The IN4001 diodes drop about 0.7, but it will drop more as the power draw increases(and a bit less if the load is very low). I would guess only 1 diode would be required for this application, but if you start with 2, you can test the voltage and see what you get.
This is only 1 of many ways you can do this. As mentioned above you could use a zener diode regulator(2 components) or even a linear or switching regulator(regulators have the advantage of allowing a wide range of input voltages.), but for this project, I do not think it is required. If you knew the power consumption of your lights, you could have used a single resistor to "eat" the extra voltage.
You have 2 power supplies. 1 that is 5-6 volts @ 500ma. This power supply does not appear regulated and will most likely deliver closer to 6 volts under the light load of your leds. The LG power supply lists 5.1 and seems to be regulated. I think I would use the LG power supply.
To get power out of these units you will either have to cut the plug off or get a matching plug. Do not cut the plug off if you still need to use those power supplies.
In my illustration, you would connect to the existing battery compartment. This leaves the strobe mode and on and off switch functional. Connect negative to the far left top battery connector and positive to the lower right connector.
Once connected, before powering up(power supply plugged in and led's turned off), check the voltage with a meter set to DC(check at the newly connected battery terminals). Turn it on and check again. A small drop is to be expected as the leds will draw power once switched on. As long as you are under 4.5 volts, you are good to go. If the voltage is lower, you may notice dimmer light from the leds. This should not hurt the device or else dead batteries would hurt it.
If you have questions. just ask. I will try to make a demonstration picture a bit later today.
Here is a practical setup for testing. I have about 200ma of leds when run from 4.5 volts. The blue one is because I had no white with long leads left.
I placed the 2 IN4001 diodes in series with the + side. This causes about 1.54 volts to be dropped leaving about 3.46 volts. LEDS are dimmer, but light and will last forever.
With a single diode the voltage drop was about 0.8v leaving about 4.2 volts. leds are slightly dimmer, but with batteries the voltage had to drop overtime anyway.

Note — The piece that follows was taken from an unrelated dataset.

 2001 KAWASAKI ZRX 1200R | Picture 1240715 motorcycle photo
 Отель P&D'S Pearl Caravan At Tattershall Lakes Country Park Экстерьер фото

I hope this gives you an idea of what I was talking about. You can also get USB or other plugs that can be mounted on the light. This would give a clean finished look to the project. I also would not use diodes to drop lots of voltage. if you had 12 volts, a switching regulator would be best(much less heat than a linear regulator).
EDIT first image has been re-added. I just fluke noticed it does not work on some mobile devices.